What to produce = Please repeat, exactly and without pictures, the lines of the entries below that run from the one containing "Map of the best" through the one containing "21pcs Cymbal Stand".

Provided records =
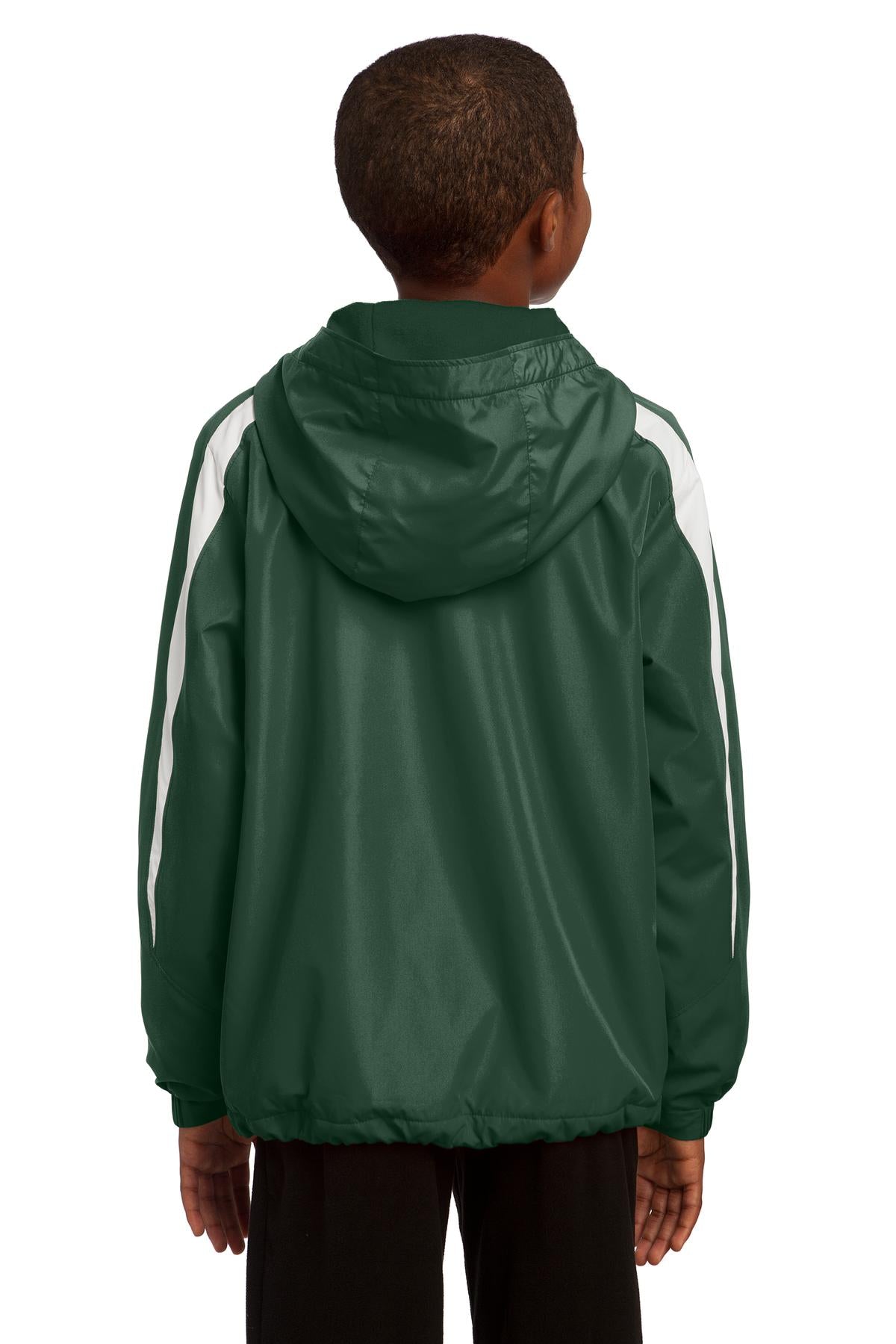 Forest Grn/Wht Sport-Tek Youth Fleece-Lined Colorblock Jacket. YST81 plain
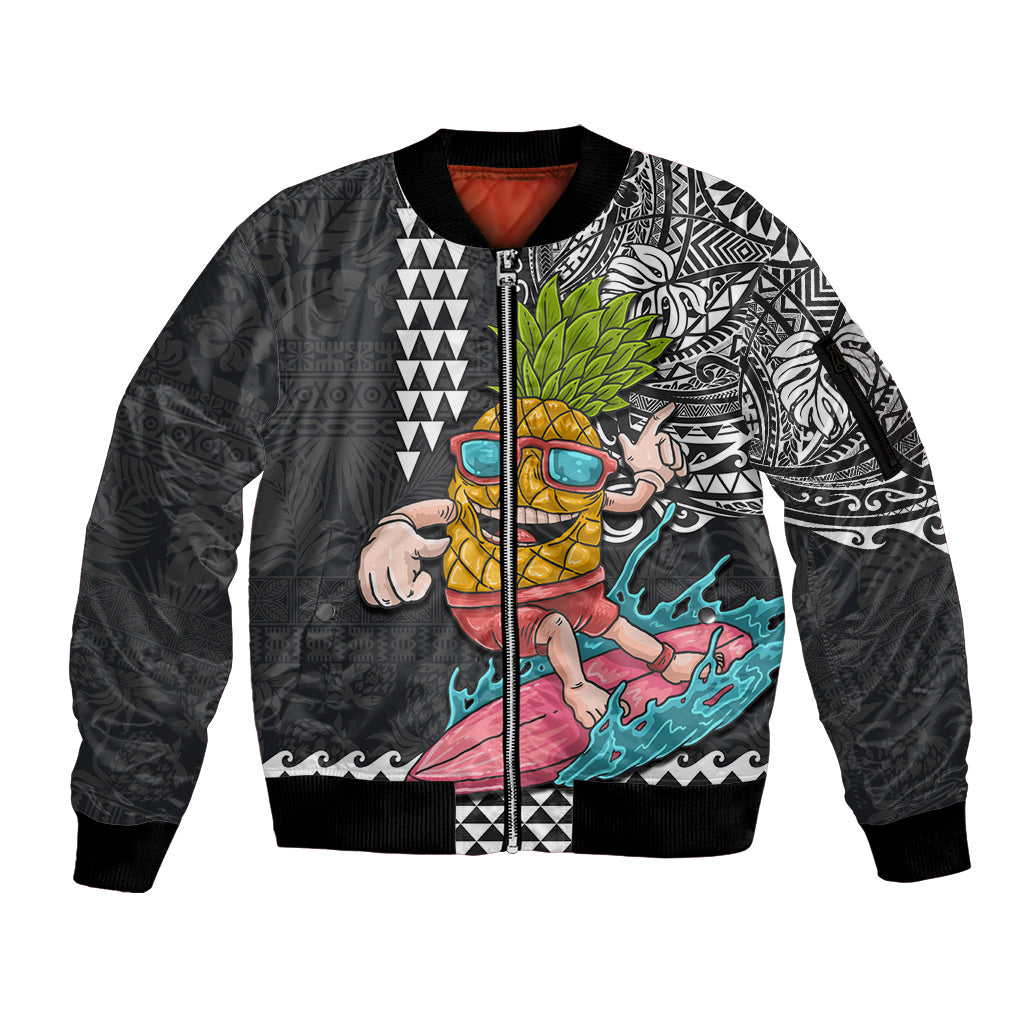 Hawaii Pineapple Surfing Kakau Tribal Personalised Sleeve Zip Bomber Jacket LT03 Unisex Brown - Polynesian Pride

* * *

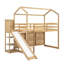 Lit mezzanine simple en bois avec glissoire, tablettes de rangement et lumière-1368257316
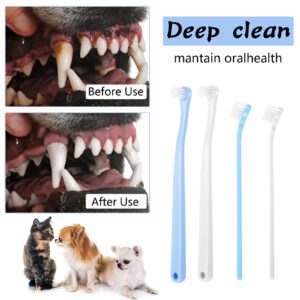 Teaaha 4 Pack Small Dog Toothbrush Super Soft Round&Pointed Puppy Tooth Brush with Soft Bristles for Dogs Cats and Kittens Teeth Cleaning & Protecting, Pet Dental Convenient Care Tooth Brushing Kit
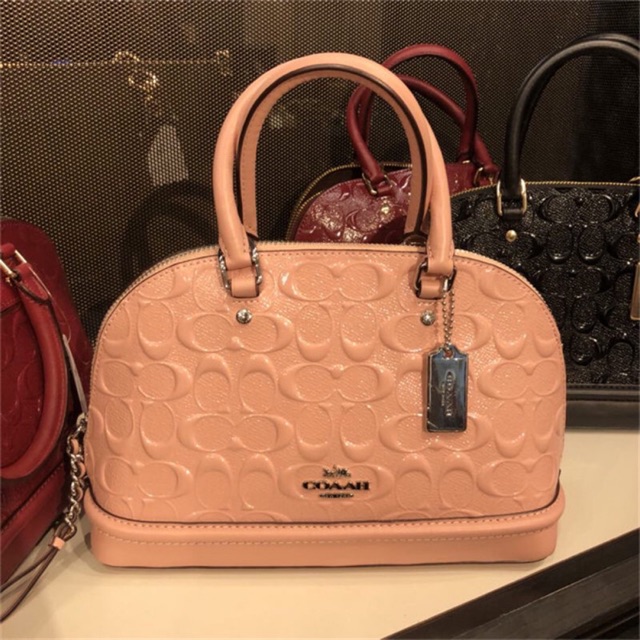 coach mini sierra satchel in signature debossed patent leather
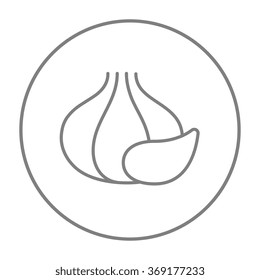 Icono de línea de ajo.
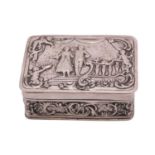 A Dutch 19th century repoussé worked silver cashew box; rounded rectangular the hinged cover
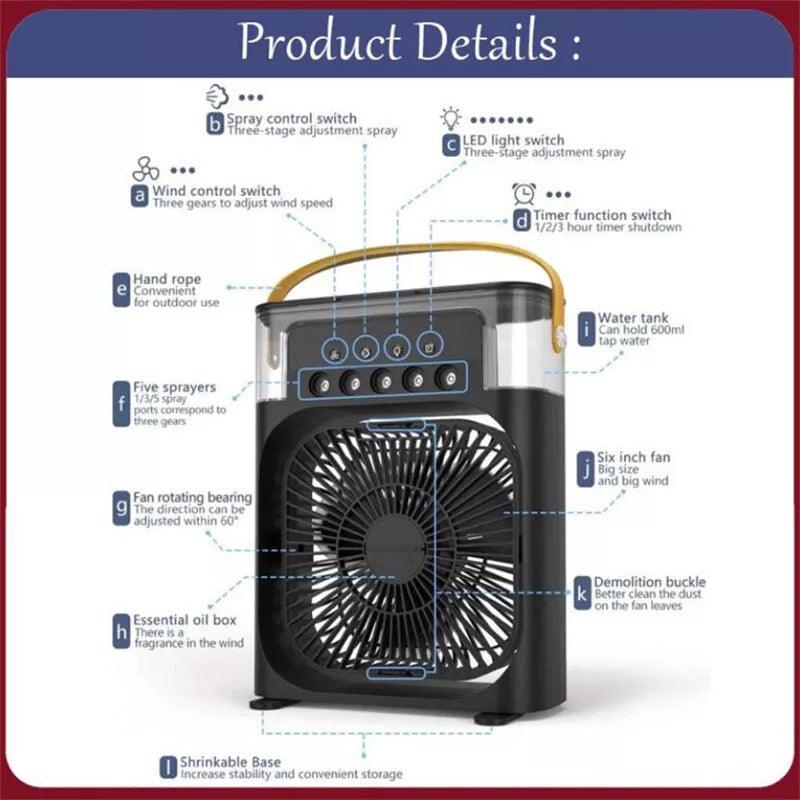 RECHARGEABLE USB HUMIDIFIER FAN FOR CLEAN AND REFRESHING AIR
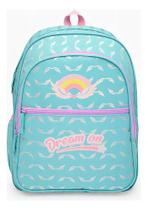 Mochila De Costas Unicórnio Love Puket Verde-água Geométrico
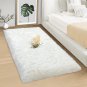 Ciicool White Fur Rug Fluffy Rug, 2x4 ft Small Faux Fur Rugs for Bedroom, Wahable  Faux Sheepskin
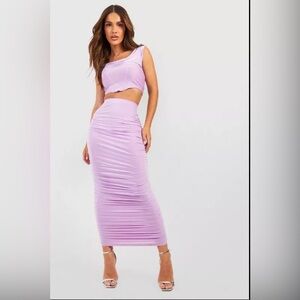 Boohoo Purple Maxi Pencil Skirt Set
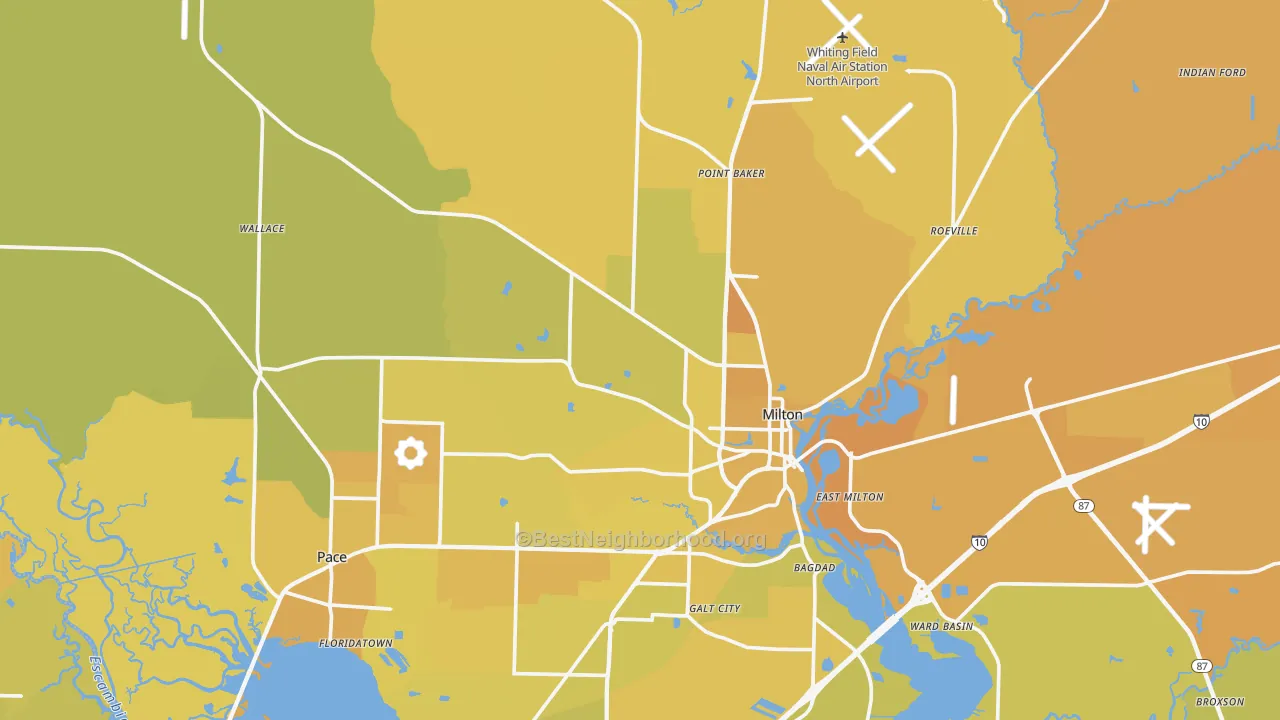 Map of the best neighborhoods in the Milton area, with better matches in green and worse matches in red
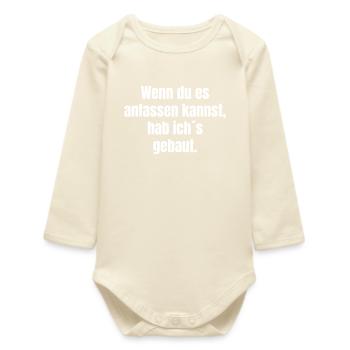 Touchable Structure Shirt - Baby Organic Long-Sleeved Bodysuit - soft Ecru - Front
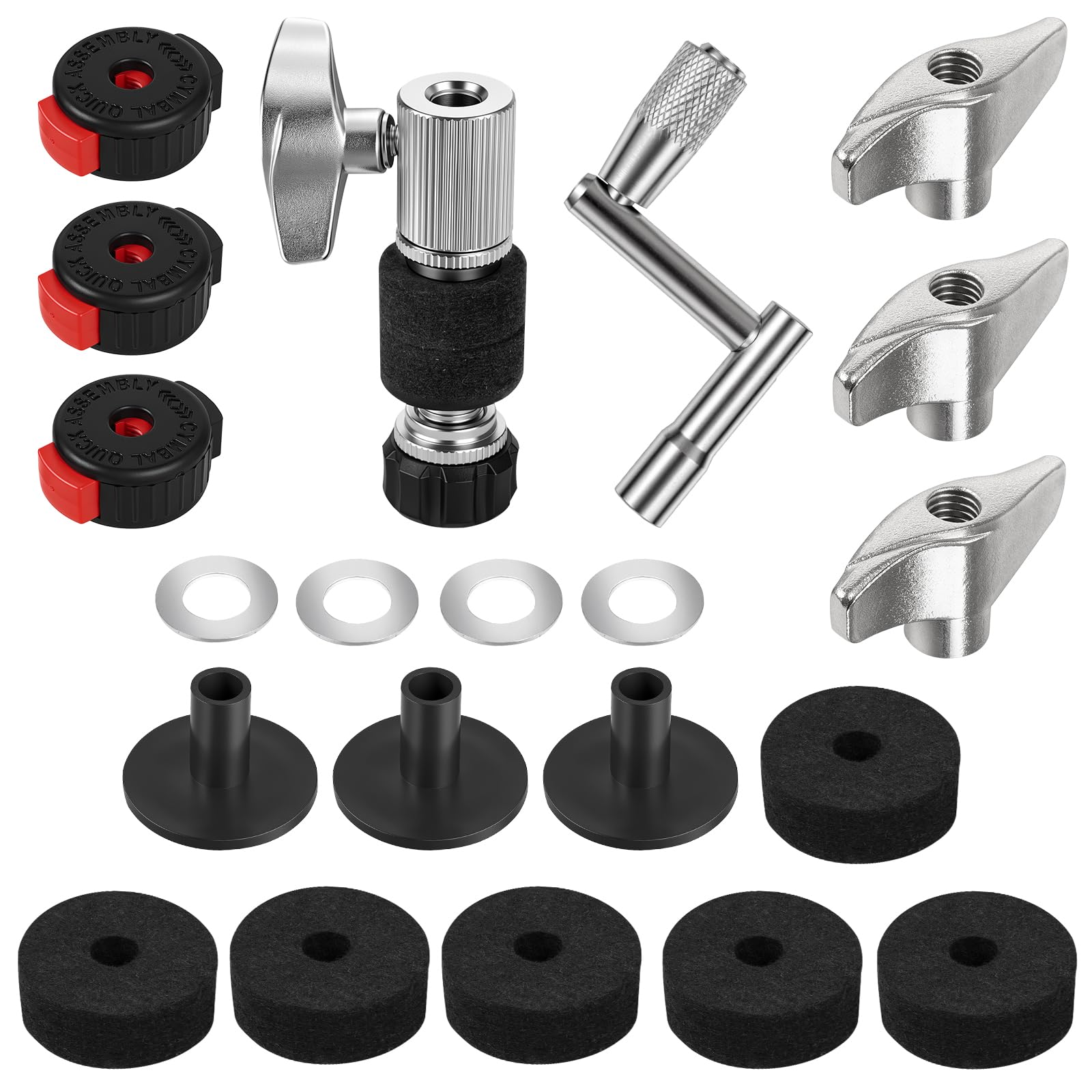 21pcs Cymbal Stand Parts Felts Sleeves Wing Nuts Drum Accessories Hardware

Reply =
 Map of the best neighborhoods in the Milton area, with better matches in green and worse matches in red
 Touchable Structure Shirt - Baby Organic Long-Sleeved Bodysuit - soft Ecru - Front
 21pcs Cymbal Stand Parts Felts Sleeves Wing Nuts Drum Accessories Hardware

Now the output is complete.